Similarly, Slack began as an internal tool for a small group of game developers to chat and share files. Only after their game flopped did they realize what a powerful tool they had created for interoffice communications.

Intellectual Byproducts

If you are like most people, when you think of waste, your mind usually goes to physical trash or residual materials made during the creation of a product or the delivery of a service. However, intellectual byproducts—or the processes, knowledge, or products you’ve gained while doing your work— are often overlooked when assessing an organization’s waste.

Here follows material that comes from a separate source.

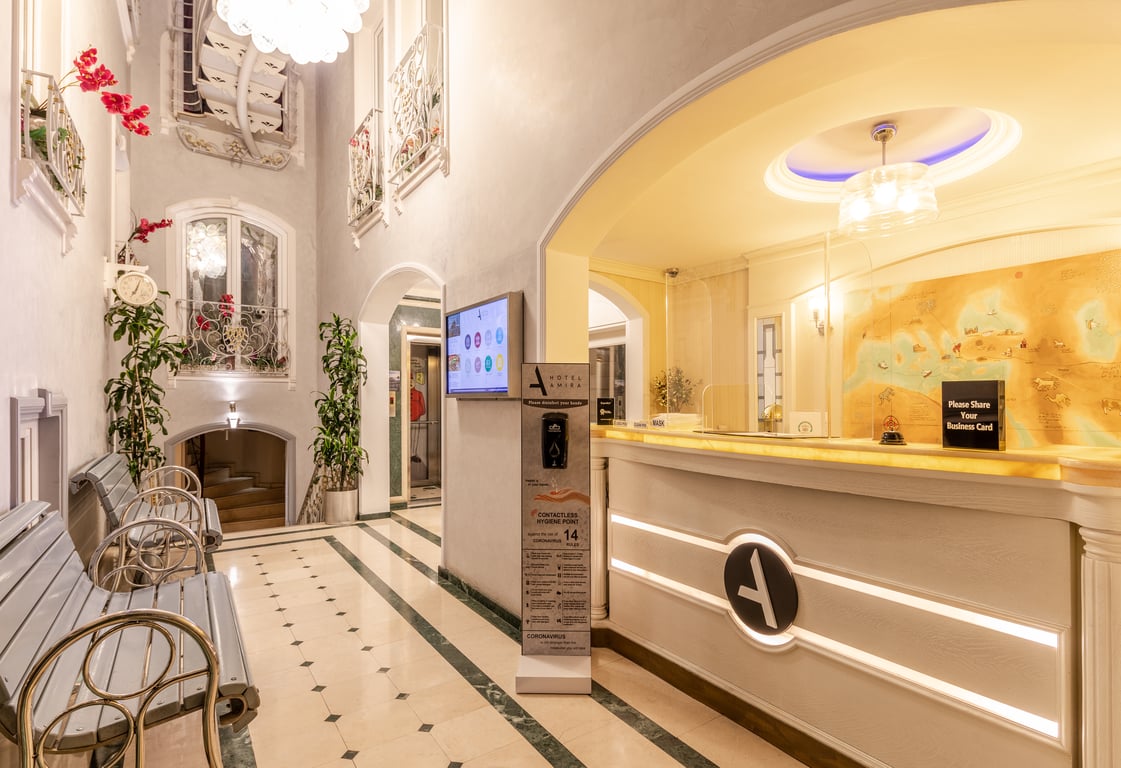 Amira Hotel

As you and your company become increasingly efficient, you start gaining valuable insights that can only be discovered through experience. In a world where content is king, sharing your process is a wonderful way to establish yourself as the authority in your field. Not only will you be able to charge more due to your knowledge and expertise, but you can repurpose your expertise in fun and creative ways — opening up new revenue streams in the process.

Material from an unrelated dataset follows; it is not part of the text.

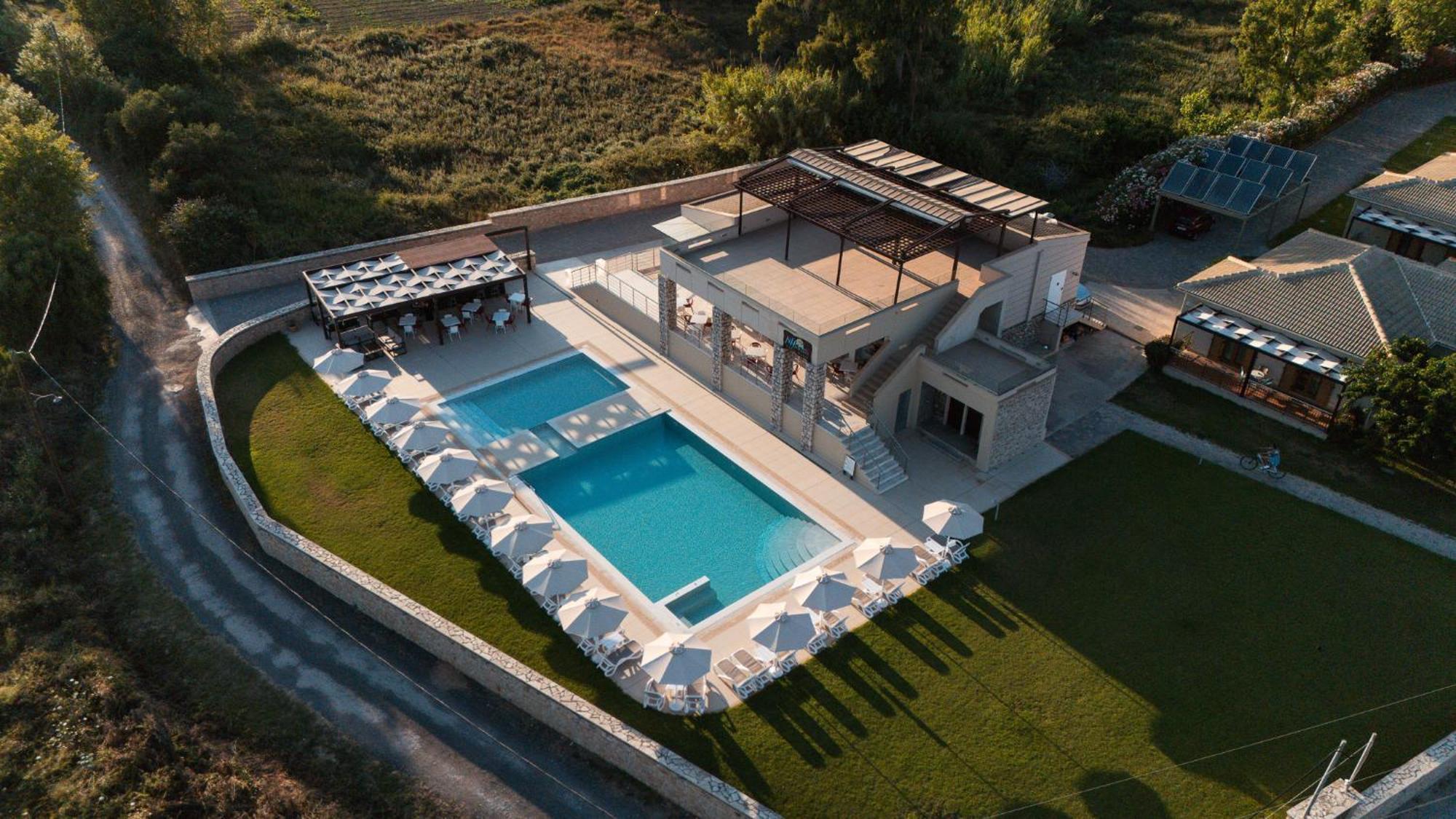 Niriides Luxury Villas 酒店 Methóni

Historically, individuals would cash in on their experience after retirement, usually by writing a book or teaching a class. But in a modern era, we have numerous different ways to recycle the information we are gaining in real-time — podcasts, webinars, master classes, blogs, consulting, and social media, to name a few.

Where Do I Start?

Think back on what you’ve learned in the last few years. Perhaps you can package those insights in a way that would be beneficial to others in your field. Need some examples to get your creative juices flowing?

Maybe you’ve spent months developing an efficient system for onboarding new clients. While the time that you invested will eventually pay for itself with an increase in the number of happy new clients, the process you’ve created has value beyond the walls of your business. Your framework may be valuable to other companies looking to solve the same problem.

Do you conduct hours of client calls every week? Record some of them, and find tidbits of knowledge that can be sliced into different bits of shareable content. Do you know how to quickly assess a website’s SEO? Why not use that knowledge to create a lead generator that funnels in potential clients as they search for a solution?

Whether your initial venture proved successful or not, your experience is more valuable than you think. As you continue to learn and grow, take some time to think about how you can repurpose your knowledge and processes and turn them into new opportunities for your business. The unintended lessons you learn just might be the key to unlocking your next big success. Keep your mind open, and don’t let your intellectual byproducts go to waste.